“Detto, fatto. Senza alcuna smania di protagonismo. Destra popolare aveva pubblicamente dichiarato che sarebbe intervenuta entro un congruo termine ove l’amministrazione non avesse provveduto a risolvere il problema di questo particolare tratto di strada alle porte di Terreti”.
Era il 20 ottobre 2015. “Ebbene – si lege nella nota stampa – siamo giunti a quasi ad un mese di distanza e nulla era stato ancora compiuto. Avremmo fatto volentieri a meno di imbracciare gli attrezzi da lavoro, ma non era possibile più rimandare, anche perché stiamo entrando nell’inverno, e ciò che avevamo promesso agli abitanti della zona che erano scesi in piazza assieme a noi (La Spallata del 10 ottobre) nella prima uscita pubblica di Destra Popolare, andava mantenuto. D’altra parte si trattava, e lo avevamo detto, di un intervento nemmeno tanto costoso. Quello che è mancato a chi è preposto a questo tipo di problematiche è stata quindi la buona volontà. Qualche ora di lavoro e speriamo di aver risolto, certamente in modo non definitivo ma quantomeno in maniera che la stagione invernale non riservi ulteriori pericoli agli utenti, come purtroppo accaduto ad un malcapitato motociclista che solo 24 ore prima ha dovuto fare i conti con la famigerata buca, con non pochi danni per la persona ed il mezzo coinvolto”.

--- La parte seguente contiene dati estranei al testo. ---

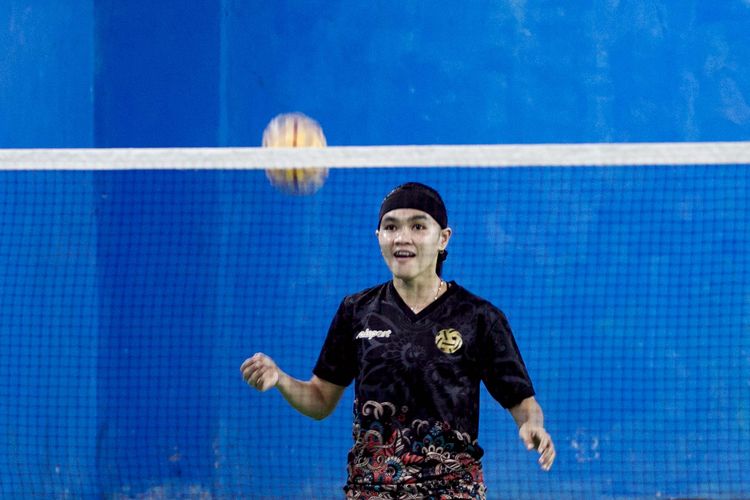 Seorang atlet sepak takraw Jawa Timur melakukan latihan jelang pertandingan PON XX Papua 2021 di Kota Jayapura, Sabtu (25/9/2021) siang.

E aggiungono: “Spesso occorrerebbe riempirsi meno la bocca con frasi fatte. Una è certamente quella di “dare attenzione alle periferie”. L’attenzione alle periferie che intendiamo è questa. La gente che abita lontano dal centro della città e quindi dal lavoro, dalla scuola, etc, prima di tutto pretende i servizi essenziali da chi l’amministra, tra questi i collegamenti stradali veloci e sicuri. Il fatto è che l’area dello Stretto è governata da gente completamente slegata dalle realtà esistenti sul territorio. Pensiamo a Messina dove il sindaco del posto fa le battaglie sulla liberazione del Tibet e sul boicottaggio del Ponte. Poi manca l’acqua e fa spallucce. Da questa parte dello Stretto, le priorità invece sono l’istituzione del Registro delle unioni Civili, l’accoglienza indiscriminata ai migranti, (dove eccelliamo nei numeri e nei modi) ed altre amenità del genere che ci stanno allontanando sempre di più dalle vere esigenze del popolo”.